Saturday, April 25, 2009

Free Stuff and Alternative Energy

They say that the best things in life are free. Apparently, there are a few fair-to-middlin’ items out there for grabs too, like this towel rack I discovered by the sidewalk while out walking the other evening. This is a very welcome addition to our home since we're short on towel rails, but furniture placed outside with “FREE” or “Take it if you want it” signs is very other-worldish to us!

Snow’s free too, but I expect few people here had it on their “best things in life” list this past week, since summer is supposed to be just around the corner. It started snowing the day we left for the mountains for a few days with our kids.

But when you can’t read the road signs, it’s a bit tricky finding that secondary road to the mountains that skirts Calgary.

You can easily miss your exit and end up in heavy rush hour Calgary traffic--in the snow (like we did). Shoot! What’s the name of that street anyway? Yeah, the one up there by the light. Caked with snow.

Thankfully, it didn’t snow much during our 2-day break so we went on a few good walks and took in some sightseeing. It’s low tourist season right now because winter sports are done for the year and it’s not warm enough yet for summer activities to start, so we sort of had this neck of the woods to ourselves. We had a great time with our kids!

Some of the trails were a bit snowy and slippery, but Russ helped keep us (me, anyway) from falling on our noggins.

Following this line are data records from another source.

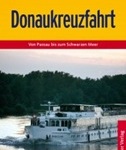 Donaukreuzfahrt - Reisebuch vom Trescher Verlag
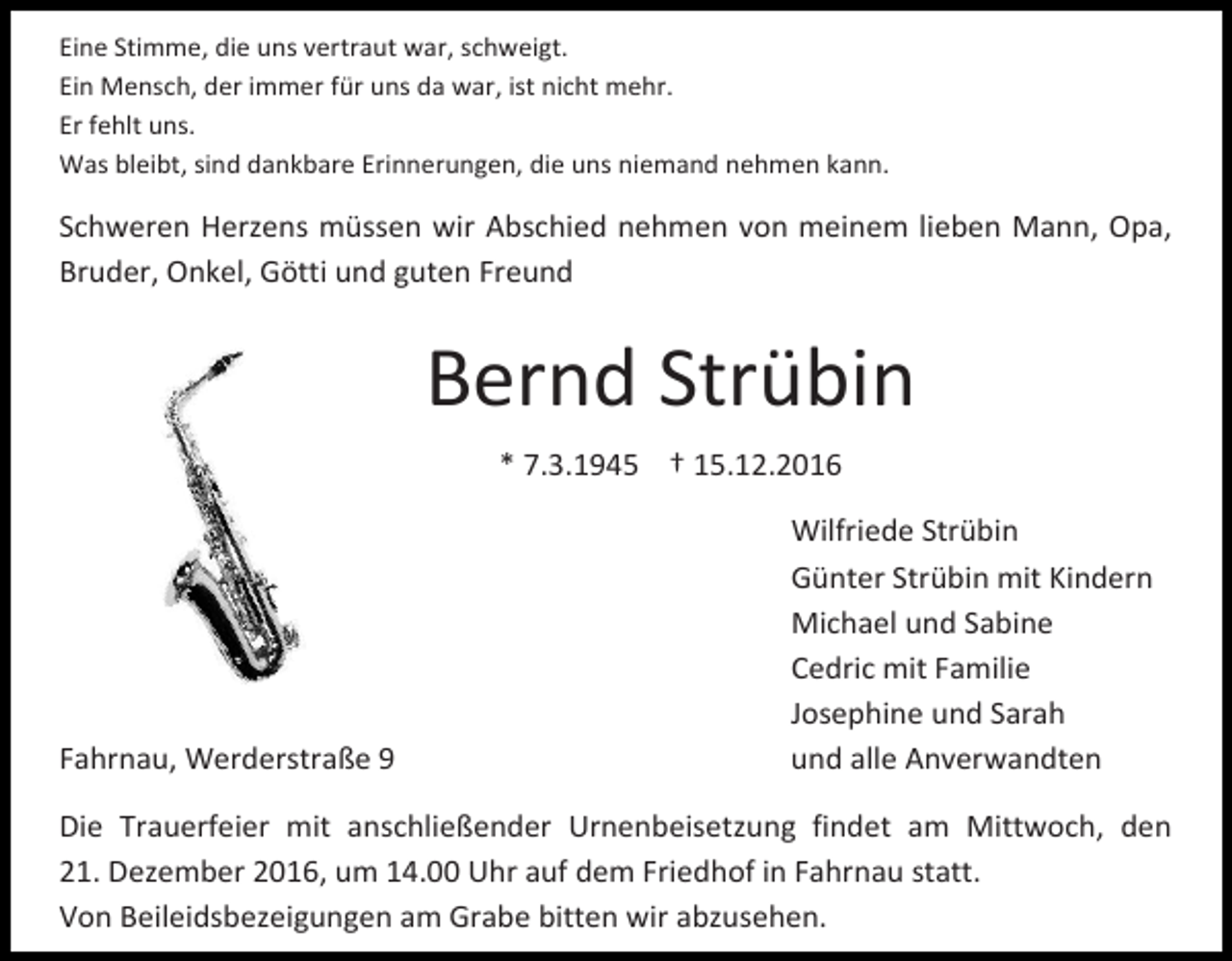 <p>Eine Stimme, die uns vertraut war, schweigt.<br />Ein Mensch, der immer für uns da war, ist nicht mehr.<br />Er fehlt uns.<br />Was bleibt, sind dankbare Erinnerungen, die uns niemand nehmen kann.</p><p>Schweren Herzens müssen wir Abschied nehmen von meinem lieben Mann, Opa,<br />Bruder, Onkel, Götti und guten Freund</p><p>Bernd Strübin<br />* 7.3.1945 † 15.12.2016</p><p>Fahrnau, Werderstraße 9</p><p>Wilfriede Strübin<br />Günter Strübin mit Kindern<br />Michael und Sabine<br />Cedric mit Familie<br />Josephine und Sarah<br />und alle Anverwandten</p><p>Die Trauerfeier mit anschließender Urnenbeisetzung findet am Mittwoch, den<br />21. Dezember 2016, um 14.00 Uhr auf dem Friedhof in Fahrnau statt.<br />Von Beileidsbezeigungen am Grabe bitten wir abzusehen.</p>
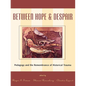 Between Hope and Despair: Pedagogy and the Remembrance of Historical Trauma - Paperback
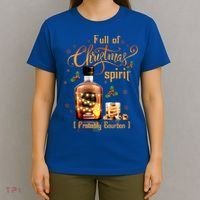 IM Full Of Holiday Spirit Bourbon Ugly Christmas Cool Gift T-Shirt thumb 4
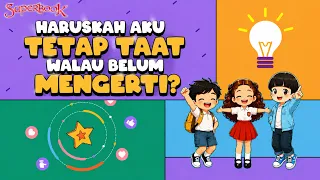 Haruskah Aku Tetap Taat Walau Belum Mengerti? | | KISAH SAHABAT SUPERBOOK EPISODE 5🙌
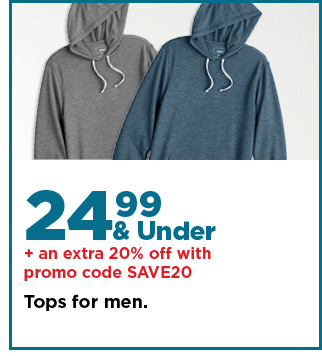 $24.99 and under plus an extra 20% off with promo code SAVE20 tops for men. shop now.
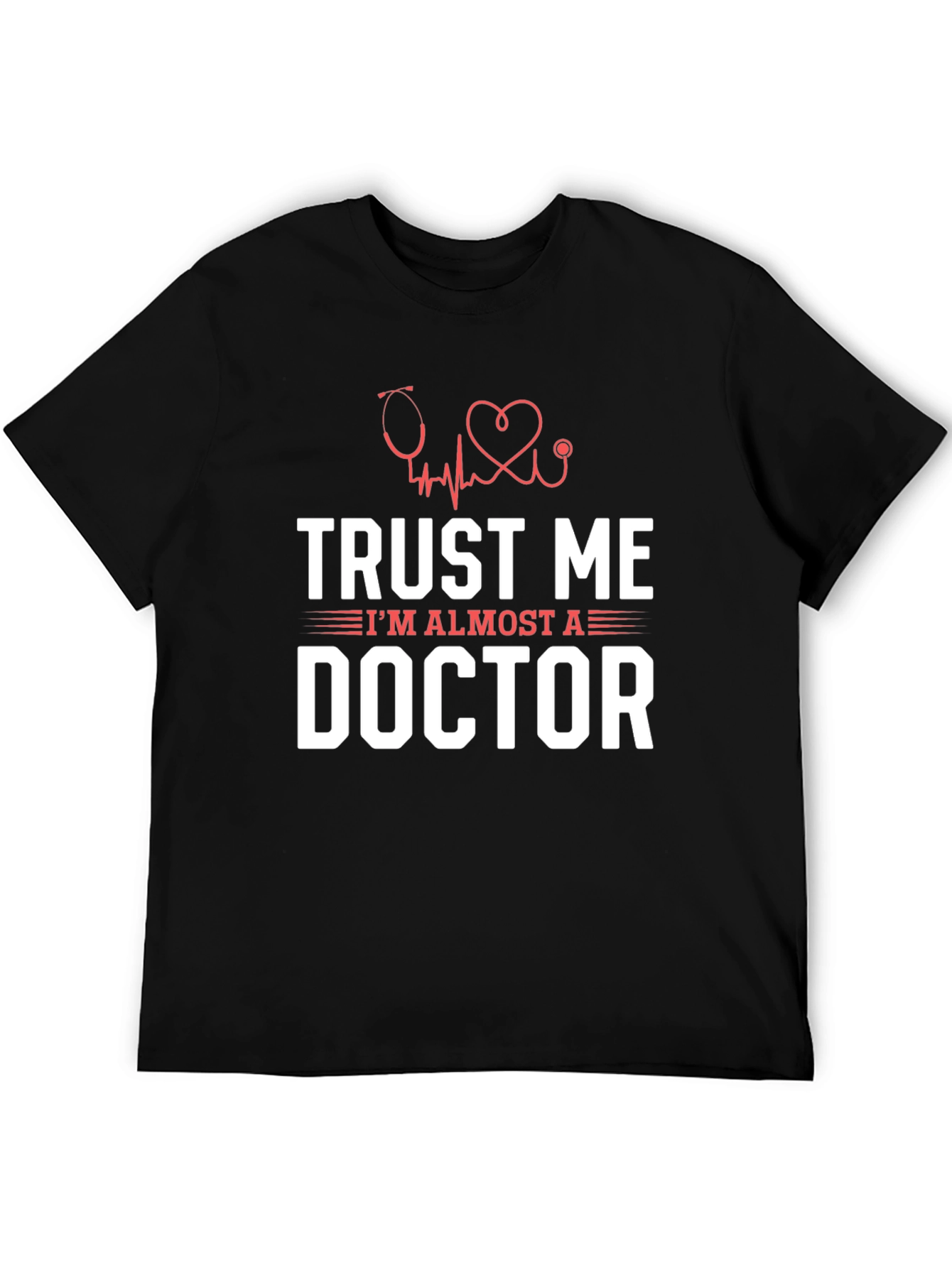 Trust Me Im Almost a Doctor Graphic T-Shirt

There was a “Beware of bears” sign that was a bit alarming (personally, I prefer the “free” furniture signs). Thankfully, we didn’t see Grizzlies.

Russell and Dwight did try out for the part though.

We also thoroughly enjoyed the modern, fully electrified place we stayed in, complete with dishwasher and a fridge with an ice dispenser. It’s quite the contrast to our bush home.

In Mozambique, we generate our own electricity with a diesel engine that has a generator unit. This supplies us with 8-12 hours of power per day. Generators are great, but like cars, they need fuel, oil and regular maintenance/repairs/replacements. And it can really throw a monkey wrench into things when they have a hiccup or suddenly stop working. (Scrambles for candles, does laundry by hand, etc.)

This is our diesel generator (“Genny” for short. It could also be considered a term of endearment too because it is our main source of energy). Looks like Dwight was installing an electrical cable here.

The genny goes off at 9 pm, so if we need power for a bit longer, like say if we want to use a fan on a stiflingly hot night, we use an inverter. An inverter changes 12 volt DC power to 220 volt AC.
This is our inverter (+ batteries) at home.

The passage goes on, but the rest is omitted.